For all my worrying about Adrian getting middle child syndrome, he is proving himself in his new Kindergarten habitat. He’s having no trouble making friends, and Stephen is taking notice.
I asked the boys what the procedure is for buying lunch at school. “So you get your lunch, and then…what? You tell the lunch lady your name?”
“Yes,” Stephen said. “You tell her your name so she can find it in the computer.”
“I don’t tell her my name,” Adrian piped up. “She knows my name!”
Stephen’s face fell. “What? I’ve been at that school longer than you, and she doesn’t know my name!” He looked a little put out.
One day after school, Stephen shook his head in wonder as he confided to my mom: “Adrian knows everyone on the bus,” he told her. “Even the 5th graders!”
Stephen, sometimes socially reserved, has begun asking Adrian to accompany him on friend-finding in the neighborhood. He’s usually reluctant to ring doorbells to find available friends. “Can Adrian go with me?” He asks.
“Really? You need your little brother to hold your hand to see if your friend can play?”
“Well….” he shrugs, “Yeah….Adrian is good with everyone. He’s not shy.”
Then last week, Stephen told me, “When I got off the bus this morning, the principal said ‘Hi Adrian’ to me.”
“Did you correct him?” I asked. “People won’t know they made a mistake with your name unless you tell them!”

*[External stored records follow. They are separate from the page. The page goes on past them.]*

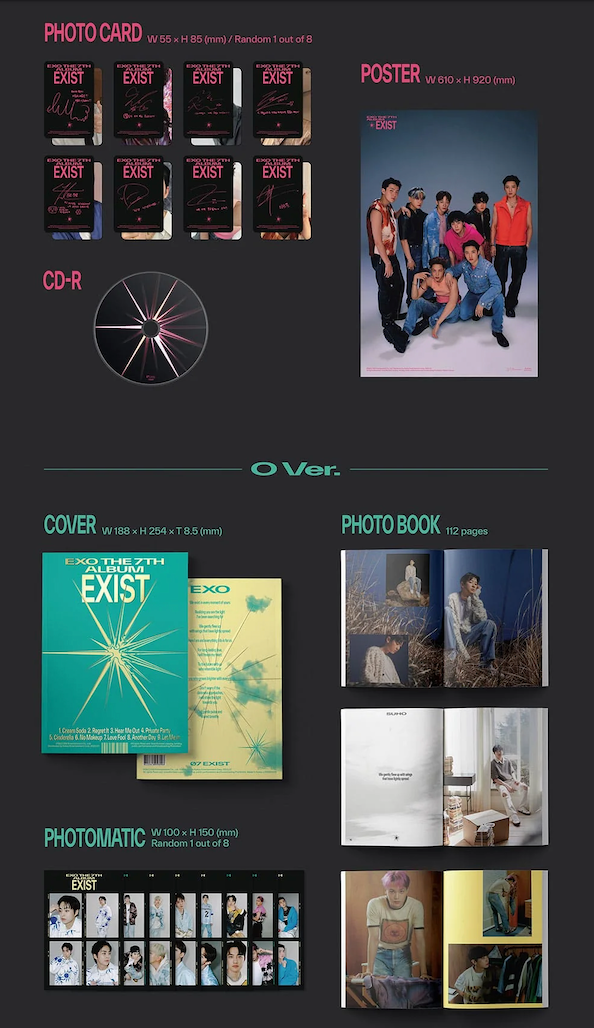 EXO - 7TH ALBUM [EXIST] PHOTOBOOK Ver.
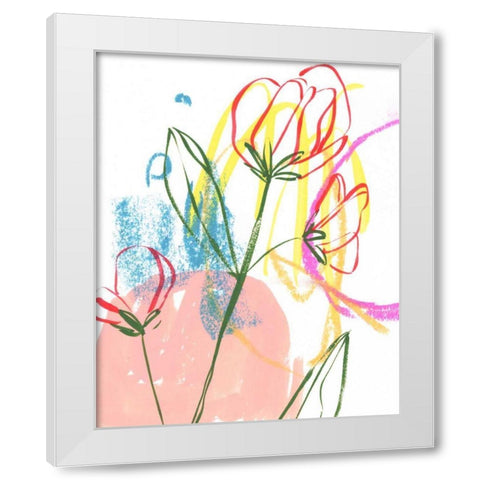 Tulip Formation I White Modern Wood Framed Art Print by Wang, Melissa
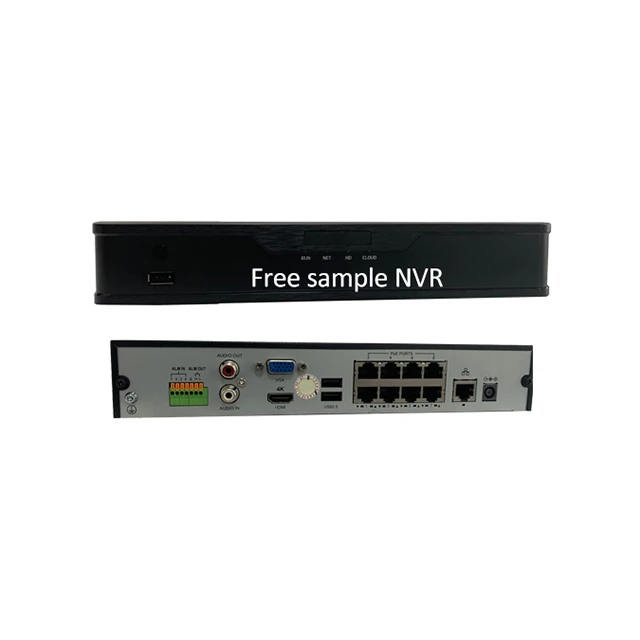  Бесплатный образец 4 канальный full hd poe nvr 5MP Запись в реальном времени onvife сетевой видеорегистратор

“I guess,” he said, frowning. “But everyone knows Adrian.”
And then, the latest example of the social bigness of his little brother. Stephen’s class has a system to compliment each other, and they are supposed to write down compliments and hand them out. This was the compliment “Stephen” received:
Stephen handed the note to me. “Look what someone put in my bucket!” He exclaimed, shaking his head. “I told her, ‘I know he’s adorable, why do you have to tell me that!?”
With adorable Adrian and red headed twins coming up behind him, the competition is getting tough!